Mit den pro-palästinensischen Demonstrationen und den judenfeindlichen Slogans beginnen Judenhasser jetzt auch wieder mit Aktionen, die rein gar nichts mit Israel zu tun haben. In Frankfurt wurde auf einer Straße mit Farbe das Wort „Jude“ gesprayt. Hier betreibt ein jüdischer Geschäftsmann ein Restaurant. Tagelang blieb die Schmiererei bestehen, achtlos gingen Passanten vorüber. Niemand störte sich an der Stigmatisierung, die an die NS-Zeit erinnert. „Antisemitismus darf nicht verschwiegen, sondern muss thematisiert und entschlossen bekämpft werden“, fordert Zentralratspräsident Dr. Dieter Graumann, „viel zu leichtfertig wird es den schamlosen Judenhassern möglich gemacht, ihre Volksverhetzung offen zu propagieren“. Das „American Jewish Committee Berlin“ erstattete inzwischen bei der Polizei Anzeige wegen Beleidigung und Aufforderung zum Rassenhass im Zuge der pro-palästinensischen Demonstrationen. Auch ermittelt jetzt die Berliner Staatsanwaltschaft gegen Hassprediger Ismail und prüft, ob seine Entgleisungen den Tatbestand der Volksverhetzung erreichen und damit strafbar sind.

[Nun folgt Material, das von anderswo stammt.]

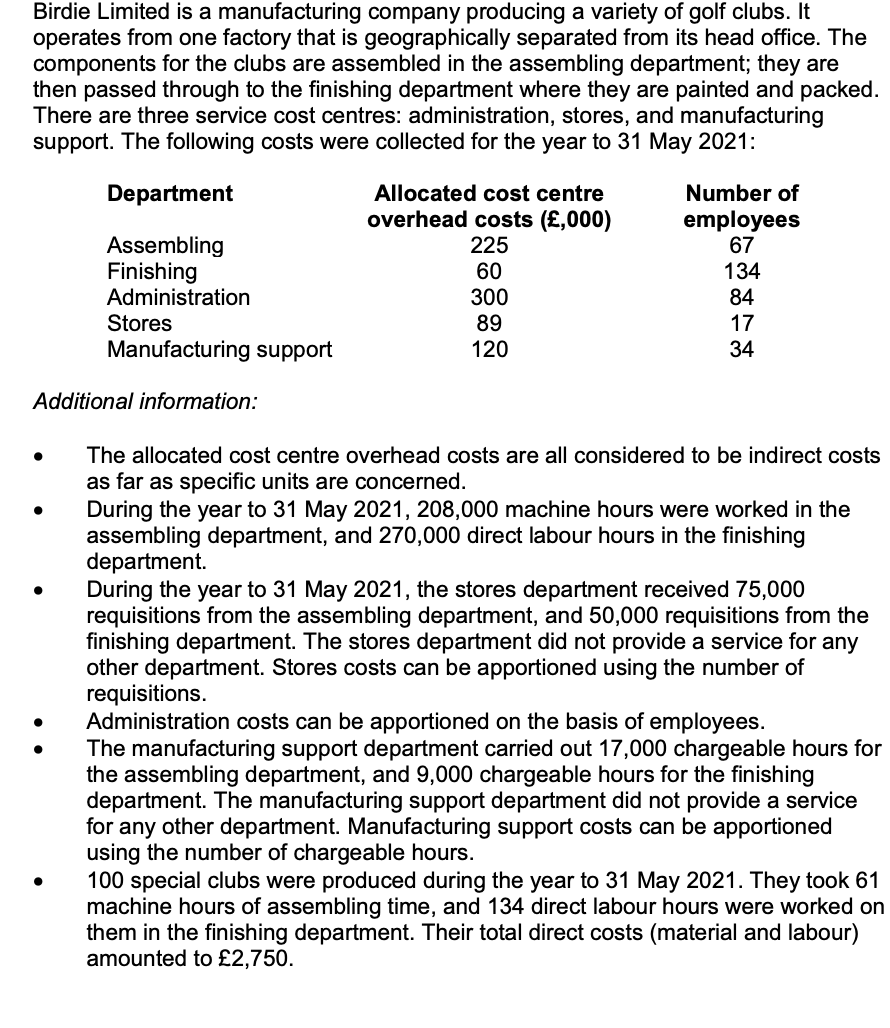 Birdie Limited is a manufacturing company producing a variety of golf clubs. It
operates from one factory that is geographically separated from its head office. The
components for the clubs are assembled in the assembling department; they are
then passed through to the finishing department where they are painted and packed.
There are three service cost centres: administration, stores, and manufacturing
support. The following costs were collected for the year to 31 May 2021:
Department
Allocated cost centre
Number of
overhead costs (£,000)
225
60
300
89
employees
67
Assembling
Finishing
Administration
134
84
Stores
17
Manufacturing support
120
34
Additional information:
The allocated cost centre overhead costs are all considered to be indirect costs
as far as specific units are concerned.
During the year to 31 May 2021, 208,000 machine hours were worked in the
assembling department, and 270,000 direct labour hours in the finishing
department.
During the year to 31 May 2021, the stores department received 75,000
requisitions from the assembling department, and 50,000 requisitions from the
finishing department. The stores department did not provide a service for any
other department. Stores costs can be apportioned using the number of
requisitions.
Administration costs can be apportioned on the basis of employees.
The manufacturing support department carried out 17,000 chargeable hours for
the assembling department, and 9,000 chargeable hours for the finishing
department. The manufacturing support department did not provide a service
for any other department. Manufacturing support costs can be apportioned
using the number of chargeable hours.
100 special clubs were produced during the year to 31 May 2021. They took 61
machine hours of assembling time, and 134 direct labour hours were worked on
them in the finishing department. Their total direct costs (material and labour)
amounted to £2,750.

In Mainz erstattete Johannes Gerster Anzeige wegen judenfeindlicher Parolen auf der dortigen Pro-Palästina Demo, dies taten auch andere, jedoch wenige mutige Bürger in weiteren Städten.

 

„Mit allen Mitteln des Rechtsstaats“ – Deutschland, Frankreich und Italien wollen antisemitisch geprägte Ausschreitungen ahnden

 Jüdische Menschen in ganz Europa fragen sich, ob sie bleiben oder gehen sollen. Doch die Alija darf nicht zur alleinigen Lösung werden. „Lassen wir uns nicht beirren und entmutigen“, plädiert der Präsident des Zentralrates der Juden in Deutschland und wünscht sich vor allem: „Mehr Solidarität aus der deutschen, nichtjüdischen Gesellschaft“. In Frankreich verbot Präsident Hollande rigoros pro-palästinensische Demonstrationen, um dem Antisemitismus auf den Straßen Einhalt zu gebieten. „Wir werden gemeinsam und in unseren Ländern alles dafür tun, dass alle unsere Mitbürger weiter unbehelligt von antisemitischen Anfeindungen in Ruhe und Sicherheit leben können“, erklärten die Außenminister von Deutschland, Walter Steinmeier, Laurent Fabius von Frankreich und Federica Mogherini von Italien zusammen. „Antisemitische Hetze und Anfeindungen gegen Juden, Angriffe auf Menschen jüdischen Glaubens und Synagogen haben in unserer Gesellschaft keinen Platz“. Die Demonstrationsfreiheit und das Recht auf freie Meinungsäußerung bleibt respektiert, doch gegen Taten und Äußerungen, die die Grenze zum Antisemitismus, Rassismus und Fremdenfeindlichkeit überschreiten, soll in Europa sowie in Deutschland ab sofort, wie Steinmeier betont „mit allen Mitteln des Rechtsstaats“ vorgegangen werden.